The Season of Mists by Sandra Horn
Ullswater, Wikipedia |
We stay in a cosy, well-appointed converted barn with the gang involved in the commemoration, a home-from-home for us for all the years. This year was possibly the rainiest yet – even for Cumbria. It also felt like an ending. Illness and frailty mean that one couple don’t feel they can come again, and dog-minding issues mean that the others want to move to somewhere else next time – the barn is on a working farm and dogs are not welcome. Perhaps it’s time to lay it down.

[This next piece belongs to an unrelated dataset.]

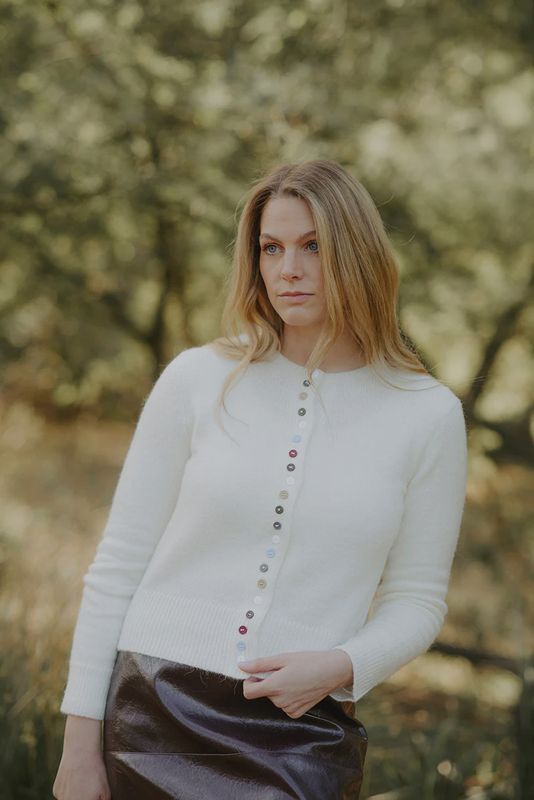 Fields Crew Cardi with Multi Buttons White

Before these problems became apparent, we had some great walks, between the showers. Niall has ancestors in the little churchyard at Nine Kirks and it’s a good stroll across the fields by the river. For me, the most memorable walk was on our first evening. We’d been sitting in the car for hours and were longing to stretch our legs and get some air. There’s a riverside walk from the barn, down a steep slope and across fields to the village. It was dark and the mist was rising. The paths were wet – in fact, underwater in one place, where a new stream was coursing down the hillside. The river was heaving and threatening to burst its banks. It was magical. In the village we stopped to look over the parapet of the new bridge, towards Ullswater. We’ve been watching the progress of this bridge ever since the last lot of severe floods washed the old stone bridge away. The new one is a stainless steel, single-span, elegant structure which has facings made from the old stones on its approaches, and which was first opened by a flock of sheep being driven across it, in a nod to its early use. In contrast to the turbulence of the river we had just encountered, the lake was like glass and somehow it captured the dying light.
Photograph by Niall
I tried to record it in words too, and the feel of the misty walk by the river:
November evening,
the river noisy, wild,
challenging boundaries.
The paths slick with rain,
a mulch of fallen leaves,
ochre, sepia, umber.
On the bank, a littering
of rough-torn paper shapes -
sheep transformed by mist and dusk.
Smudged moon, one star.
The lake’s soft gleam
holding the last of the light.
‘Tout passe, tout casse’, but memories remain and in any
case, I can’t believe (don’t want to believe?) it will be the last time we walk
that river path and stand enchanted on the bridge.